Reclaiming Identity, Dismantling Ableism, and Showing Up Whole - Looks Like Work, Season 3, Ep 11
What if the parts of you the world taught you to hide… were the key to your power?
In this episode, I talk with Tiffany Yu—founder of Diversability and author of The Anti-Ableist Manifesto—about what it means to live, lead, and love in a world not designed with all bodies (or minds) in mind.
Tiffany doesn’t just talk about disability—she reclaims it. As identity. As culture. As a lens through which to see the world and remake it with more care, nuance, and agency.
We talk about what it means to move from shame to ownership. From the exhausting labor of disclosure to the freedom of naming.
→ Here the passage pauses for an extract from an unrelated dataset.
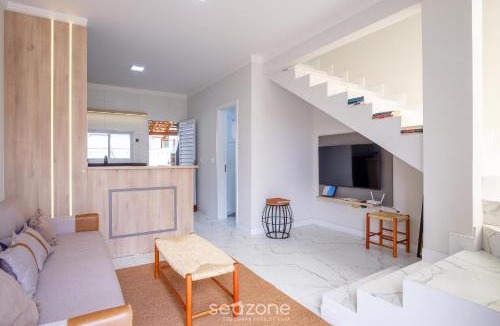 Vila Esperanca House | House 2 min from Ribanceira Beach AEM0004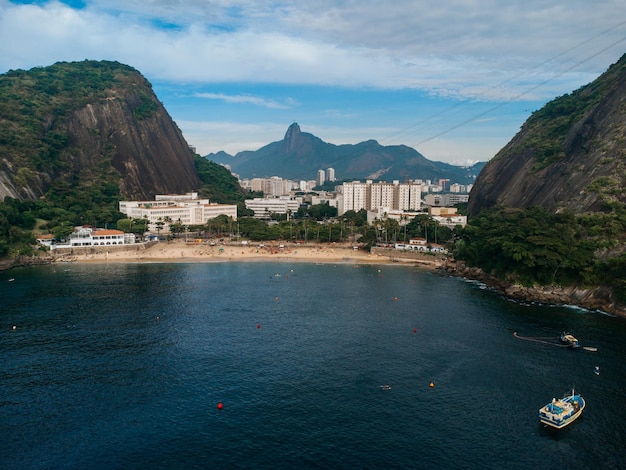 Vista aérea de Praia Vermelha en el barrio de Urca en Río de Janeiro Brasil Las colinas de Pao de Acucar y Urca Día soleado con algunas nubes al amanecer Foto de Drone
From “being inspiring” to being seen as fully human—even (especially) in our complexities.
Inside this conversation:
The "second origin story" of becoming disabled—and claiming it
The invisible labor of showing up in inaccessible spaces
Why being called “inspiring” isn’t always a compliment
From Wall Street to advocacy: rewriting success on your own terms
The role of joy, rage, and community in the work of activism
How disability intersects with identity, grief, and curiosity
The power of naming your experience and building access into everything—even rest
What it means to go from “me” to “we” to “us”
Tiffany’s powerful question is simple and soul-stretching:
👉 “What’s something that brought you joy recently?”
Because sometimes the bravest thing isn’t fighting the system.
Sometimes it’s feeling joy anyway.
This episode is a call-in for anyone who has felt like they had to explain themselves in order to belong. And a call-out to the systems that still make that the norm.
“I had to unlearn that I was broken. And learn that I get to take up space.”
Resources & Mentions:
Stella Young’s TED Talk: “I’m Not Your Inspiration, Thank You Very Much”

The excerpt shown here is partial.